Assim, não se vislumbrou possibilidade de responsabilização, por improbidade administrativa, do Secretário Municipal de Controle e Mobilidade Urbana, Miguel Caetano Passini, do fiscal e Superintendente de Fiscalização da Secretaria Municipal de Controle e Mobilidade Urbana, Beloyannes Orengo de Pietro Júnior, do Secretário de Município de Proteção Ambiental, Luiz Alberto Carvalho Júnior, e do Chefe da Equipe de Cadastro Mobiliário e Imobiliário do Município, Marcus Vinícius Bittencourt Biermann.
LEGISLAÇÃO MUNICIPAL
As investigações apontaram que todos os documentos necessários para a expedição do alvará de localização, em abril de 2010, estiveram presentes. Apesar de o alvará sanitário, necessário à concessão do alvará de localização, ter sido expedido em 19/01/2010, ele era materialmente válido, pois sua validade era anual, tendo ocorrido apenas equívoco formal na inscrição da data no documento. Nos anos subsequentes, houve vistorias regulares e o documento estava em vigência quando ocorreu a tragédia. Da mesma maneira, a Licença de Operação, o Estudo de Impacto de Vizinhança, o Laudo de Isolamento Acústico estavam vigentes. O Alvará de Proteção Contra Incêndio estava expirado desde agosto de 2012 e em vias de renovação, com taxas já pagas pelo proprietário da casa noturna e aguardando vistoria. Os Bombeiros, no entanto, não comunicaram ao município que o documento estava fora da validade porque, conforme investigação do MP, entenderam que essa situação não impedia a manutenção da casa em funcionamento.
PPCI
Ainda segundo a promoção de arquivamento, a situação envolvendo o alvará em PPCI, de exclusiva atribuição do Corpo de Bombeiros, é alvo de ação civil pública ajuizada pelo MP contra os Bombeiros Alex da Rocha Camilo, Altair de Freitas Cunha, Daniel da Silva Adriano e Moiséis da Silva Fuchs e tramita na 4ª Vara Cível de Santa Maria. Os réus são acusados de utilizarem apenas um programa de computador para o processamento de licenciamentos em detrimento dos demais procedimentos previstos em lei para tal finalidade.
PREFEITO
Segundo a promoção de arquivamento, a edição e coexistência de diplomas legais que aparentemente não se integravam (ao menos não com a desejável e necessária clareza), não podem ser atribuídas ao Prefeito de Santa Maria, César Schirmer, e não constituiriam por si mesmas condutas configuradoras de improbidade administrativa. O Decreto Executivo Municipal nº 32/2006, que regrava à época a expedição do alvará de localização (tal como feito no caso da boate Kiss), é de gestão administrativa anterior ao primeiro mandato do atual chefe do Poder Executivo (que começou a governar a cidade em 2009). O Código de Obras do Município de Santa Maria, embora seja lei complementar municipal editada em 2009, manteve as normas sobre os sistemas de segurança, prevenção e combate a incêndio do Código de 2005.
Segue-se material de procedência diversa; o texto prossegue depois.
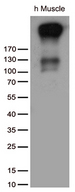 ATP2A2 / SERCA2 Antibody - Western blot analysis of extracts. (35ug) from tissue lysate by using anti-ATP2A2 monoclonal antibody. (1:500)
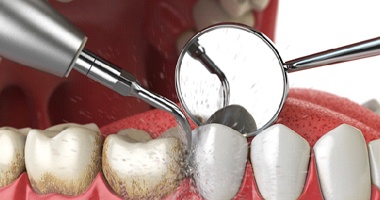A dental cleaning on the lower teeth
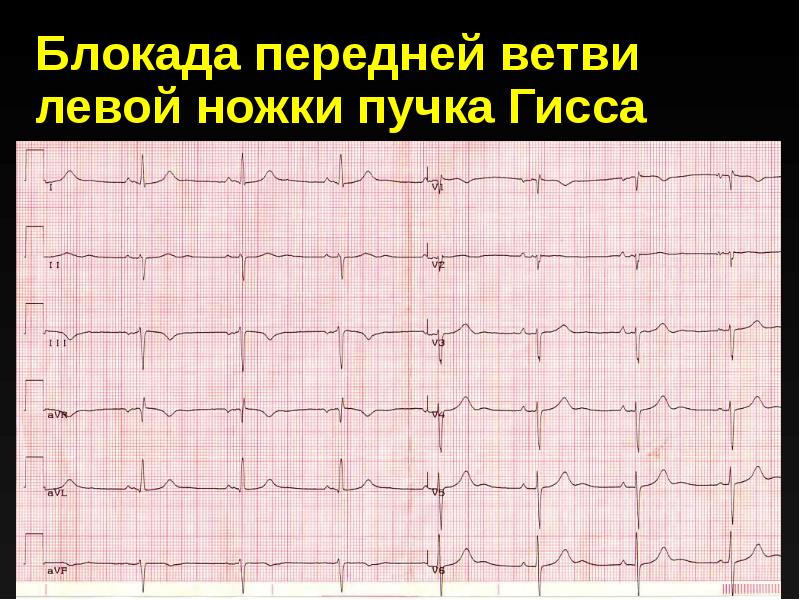 Блокада передней левой ножки. Передне верхний полублок на ЭКГ. ЭКГ блокада передней ветви. Блокада передней ветви левой ножки пучка Гиса на ЭКГ. ЭКГ С блокадой передней ветви левой ножки пучка ГИС.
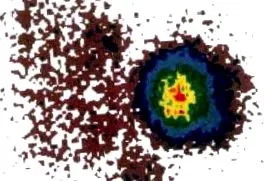adenoma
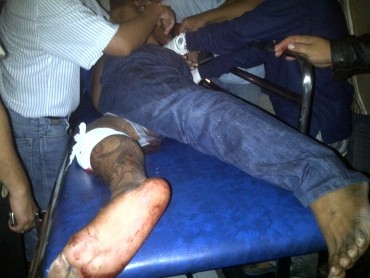 Tiba di RS Polri, John Kei Langsung Dirontgen 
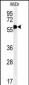 TANK Antibody (Center)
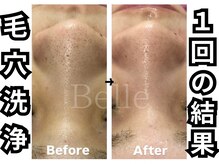 ベル 心斎橋店(Belle)/2剤で洗う毛穴洗浄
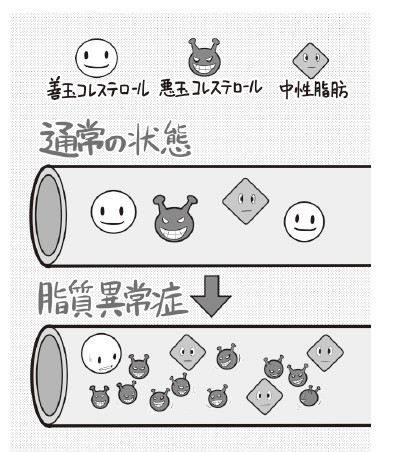 「肉食中心だと上昇する」は勘違い！ 30歳過ぎたら要注意の「中性脂肪の研究」（2021年3月12日）｜BIGLOBEニュース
“A organização da administração pública é feita de forma piramidal, de modo que aqueles que estão na base da pirâmide têm como principais atribuições a execução de tarefas, enquanto que aqueles que estão no ápice têm como função a elaboração de planos, visando ao alcance do fim público. Descabido, por razões óbvias, pretender que o Prefeito de Santa Maria, cidade com mais de 260 mil habitantes, tenha, pessoalmente, o controle dos alvarás expedidos pelas secretarias municipais”, frisa o documento.
É importante salientar que a conduta dos servidores mencionados já foi alvo de arquivamento criminal homologado pelo Judiciário em Santa Maria. A conduta do Prefeito no âmbito criminal também foi objeto de arquivamento encaminhado pela Procuradoria-Geral de Justiça e homologado pelo Tribunal de Justiça.